FreeSVC: Towards Zero-shot Multilingual Singing Voice Conversion

</div>

This is the official code implementation of FreeSVC [ICASSP 2025]

Introduction

FreeSVC is a multilingual singing voice conversion model that converts singing voices across different languages. It leverages an enhanced VITS model integrated with Speaker-invariant Clustering (SPIN) and the ECAPA2 speaker encoder to effectively separate speaker characteristics from linguistic content.

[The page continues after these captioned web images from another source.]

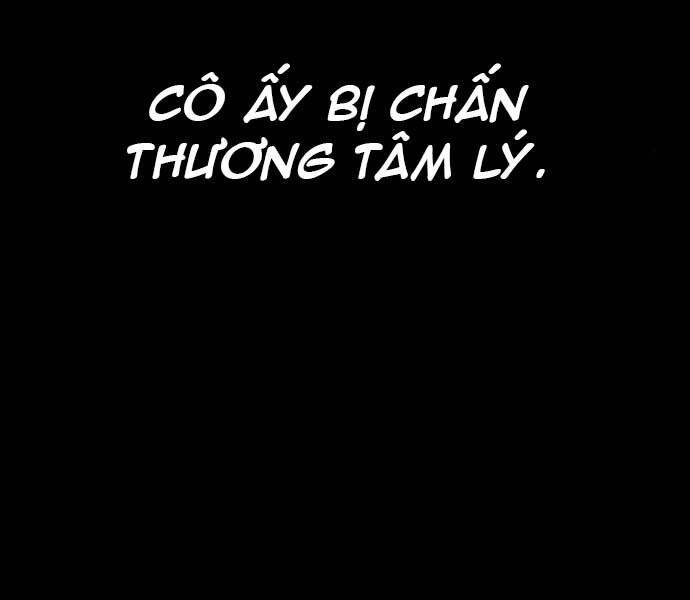 Gậy Gỗ Cấp 99+ Chapter 18 - Page 160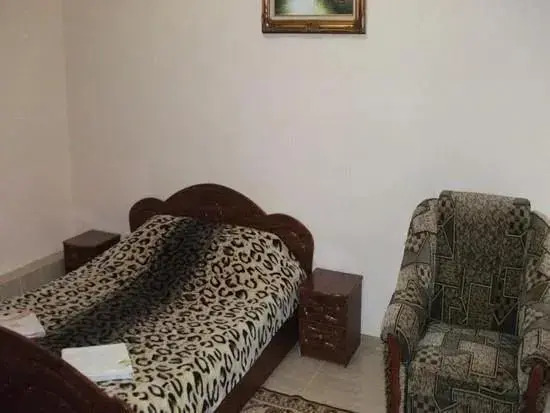 Kaskad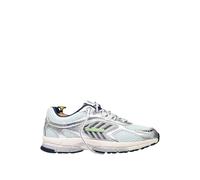 Mercer Amsterdam - The Re-Run Evo - - Shoes - Uomo - Blu - 43 EU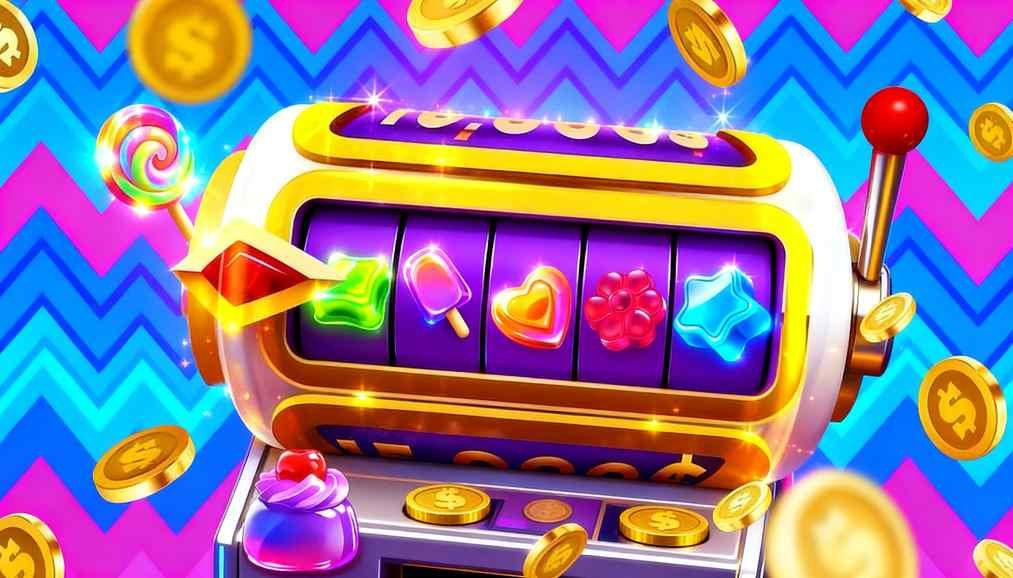 https://spinwinera-casinobe.com/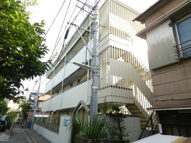バンブー山十の画像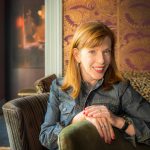Susan Orlean Image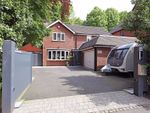 Thumbnail for sale in Sidmouth Avenue, Newcastle-Under-Lyme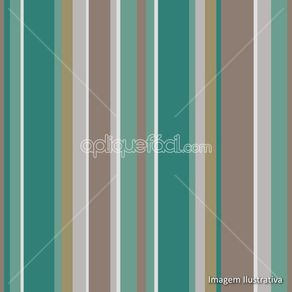 lt18037-800x800-papel-de-parede-listrado_2_ lt18037-800x800-papel-de-parede-listrado_2_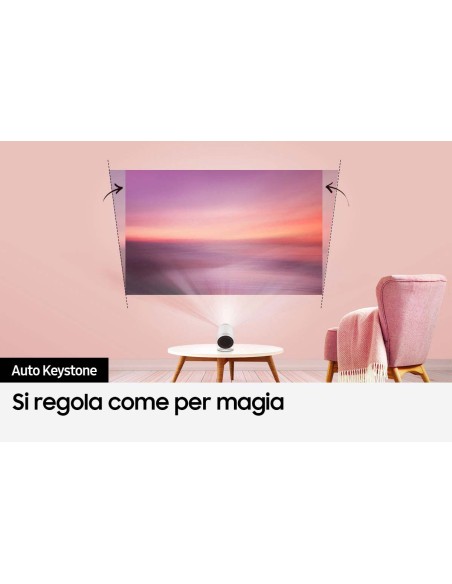 video-proiettore-free-style-samsung-17.jpg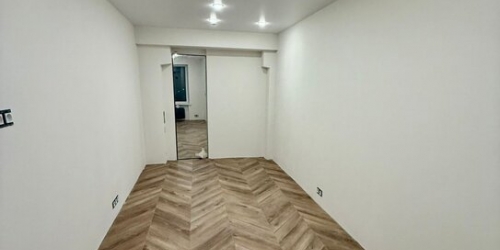 3-комн квартира ул Знаменская,  д. 19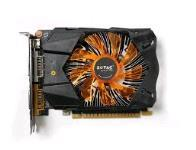 Zotac GeForce GTX 750 PCIE GDDR5 1GB Graphics Card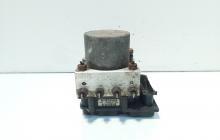 Unitate control ABS, cod GM13182319, 0265231583, Opel Corsa C (F08, W5L) (idi:660575)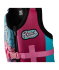 RONIX VESTS GIRL'S AUGUST INFANT CGA - 2026 - INSET 1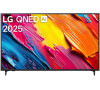 QNED televize LG 55QNED70A6A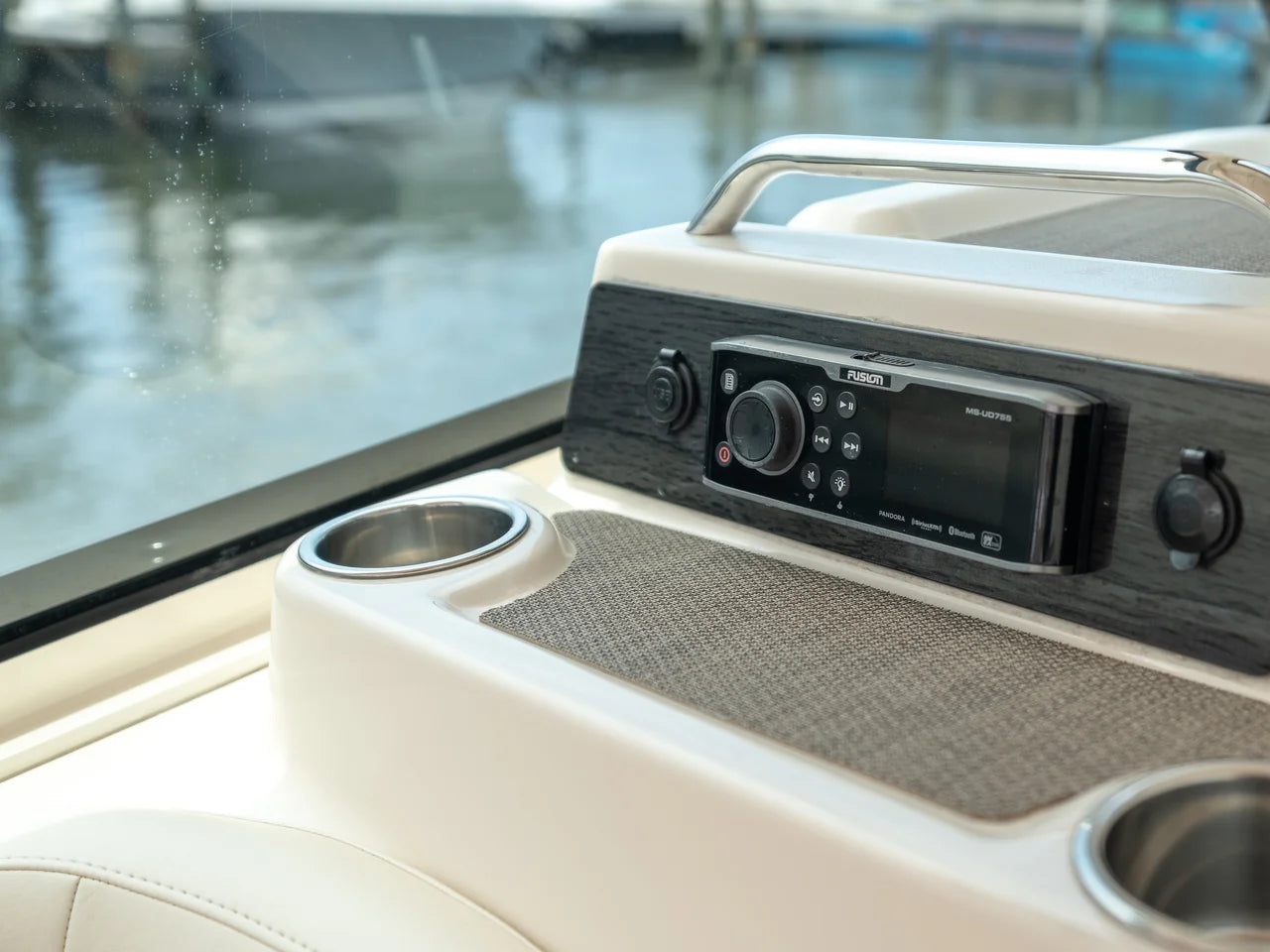 2019 Grady-White 375 FREEDOM 37.0 feet, Panama City Beach, Florida #28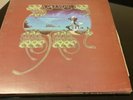 Yes - Yessongs Vinyl Triple Album + Booklet A1B1C1D1E1F1 FirstPress K60045 Ex/Ex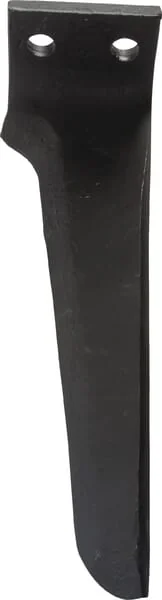 Maschio Gaspardo - M38100220R - KE-Zinken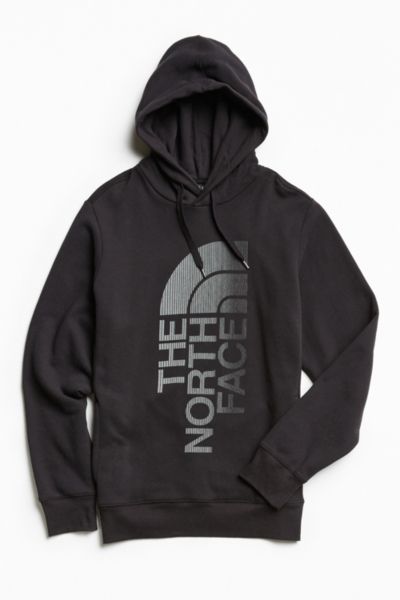 Hoodies + Sweatshirts for Men | Urban Outfitters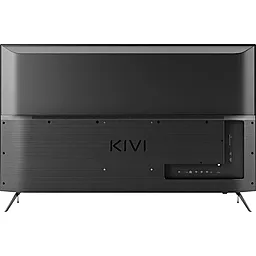 Телевизор Kivi 55U740LB - миниатюра 3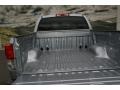 2013 Silver Sky Metallic Toyota Tundra CrewMax 4x4  photo #8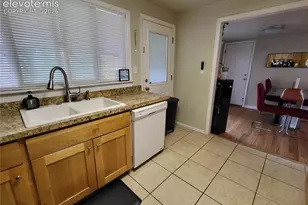 2120 Bonfoy Ave, Colorado Springs, CO 80909 - Photo 14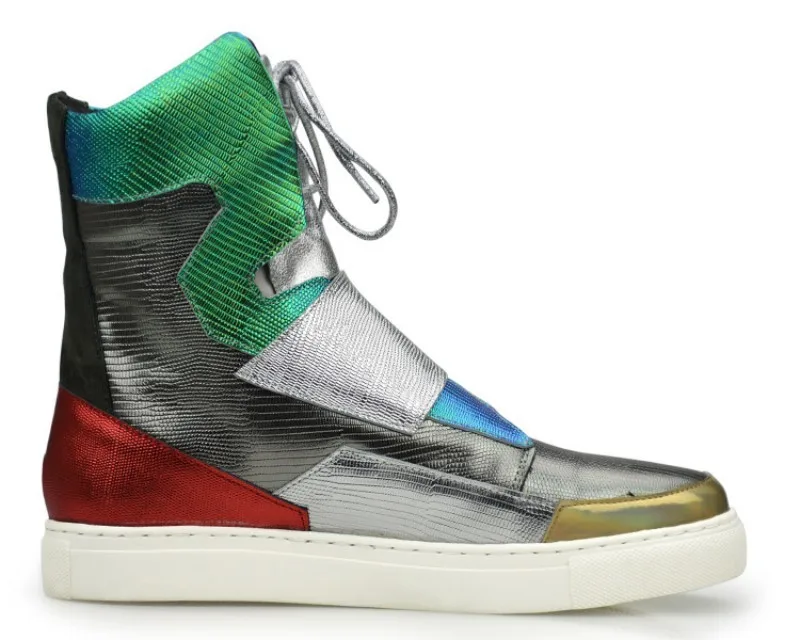 conew_4552347986_64868634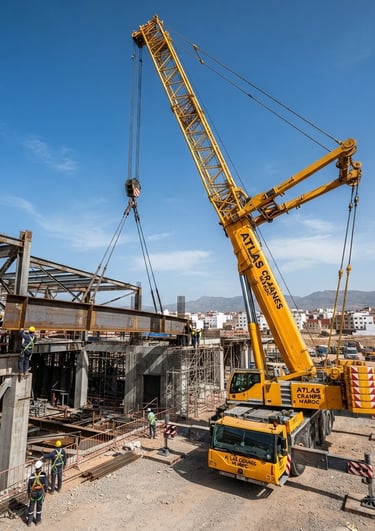 grues-mobile-grues.ma
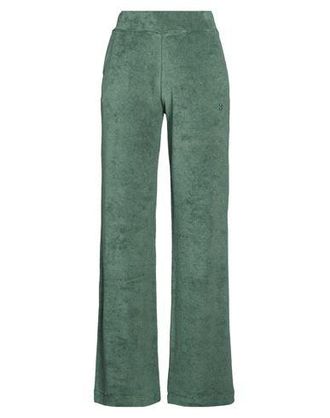 Ballantyne PARTES DE ABAJO - Pantalones en YOOX.COM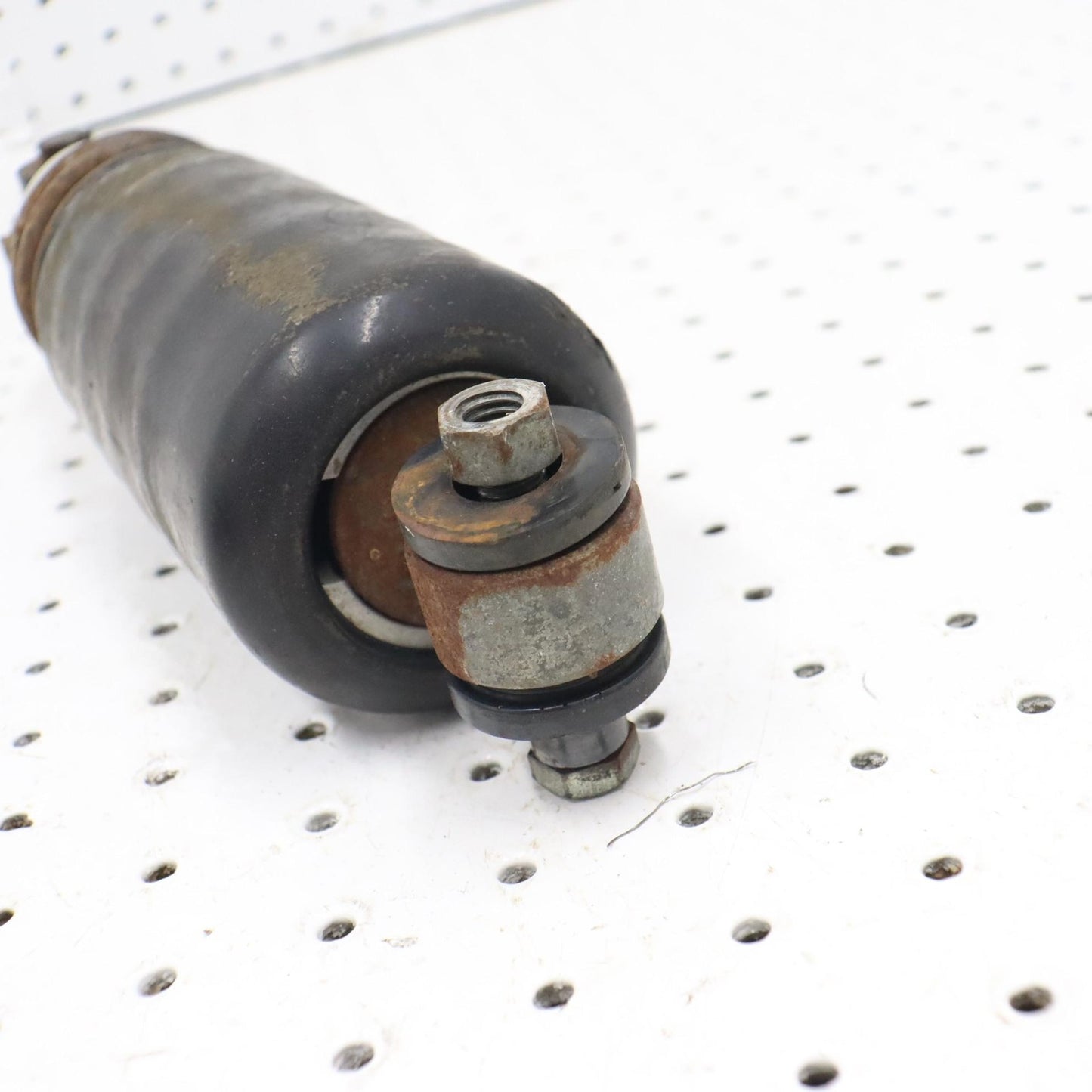 1995 Polaris Xcr 600 Front Track Shock 7041413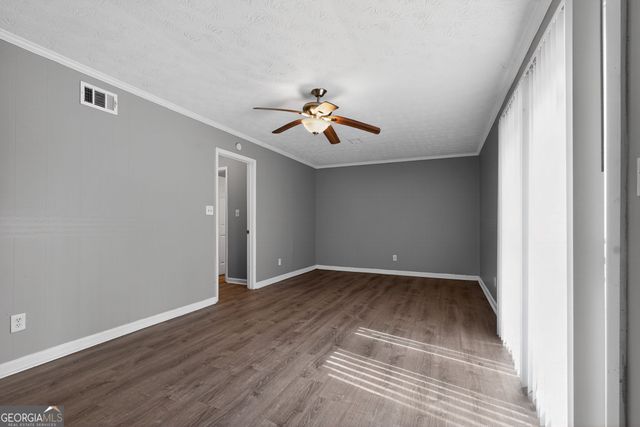 4491 Dorset Circle, Decatur, GA 30035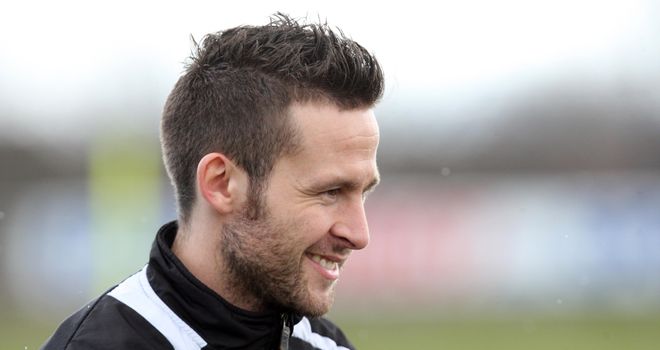 Yohan-cabaye-newcastle-united-premier-league-training_2921886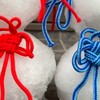 汝ボイロをチョコミント愛す会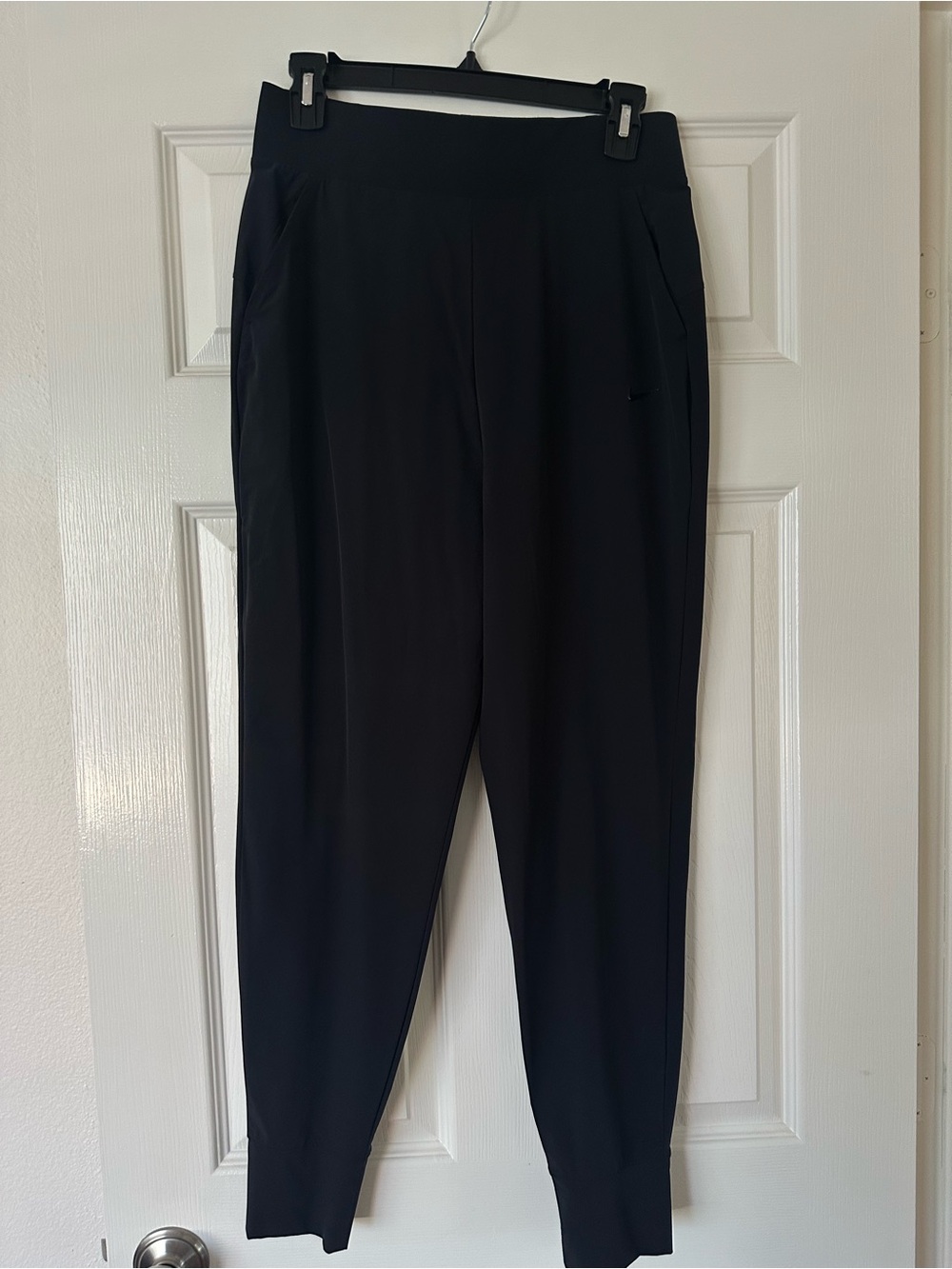 Nike jogger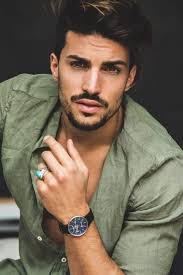 Pin By Jennifer Otto On Boy Photography Poses Best Poses For Men Photography Poses For Men Mens Photoshoot Poses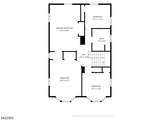 616 Clifton Ave - Photo 45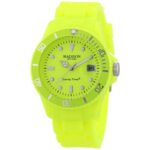 Γυναικεία Ρολόγια Madison U4503-50 (Ø 40 mm)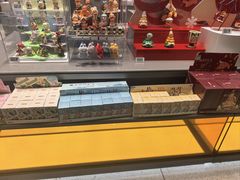 -泡泡玛特POPMART(苏州印象城店)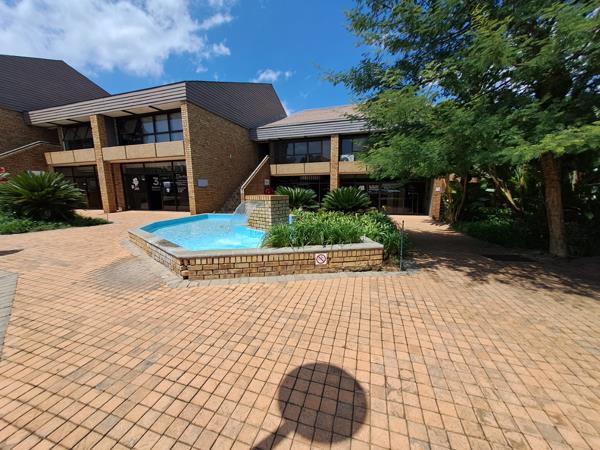 177  m² Commercial space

Designed for zero-shot learning, FreeSVC supports cross-lingual voice conversion without the need for extensive language-specific training.

Key Features

Multilingual Support: Incorporates trainable language embeddings, enabling effective handling of multiple languages without extensive language-specific training.
Advanced Speaker Encoding: Utilizes the State-of-the-Art (SOTA) speaker encoder ECAPA2 to disentangle speaker characteristics from linguistic content, ensuring high-quality voice conversion.
Zero-Shot Learning: Allows cross-lingual singing voice conversion even with unseen speakers, enhancing versatility and applicability.
Enhanced VITS Model with SPIN: Improves content representation for more accurate and natural voice conversion.
Optimized Cross-Language Conversion: Demonstrates the importance of a multilingual content extractor for achieving optimal performance in cross-language voice conversion tasks.

Model Architecture

FreeSVC builds upon the VITS architecture, integrating several key components:

Content Extractor: Utilizes SPIN, an enhanced version of ContentVec based on HuBERT, to extract linguistic content while separating speaker timbre.
Speaker Encoder: Employs ECAPA2 to capture unique speaker characteristics, ensuring accurate disentanglement from linguistic content.
Pitch Extractor: Uses RMVPE to robustly extract vocal pitches from polyphonic music, preserving the original melody.
Language Embeddings: Incorporates trainable language embeddings to condition the model for multilingual training and conversion.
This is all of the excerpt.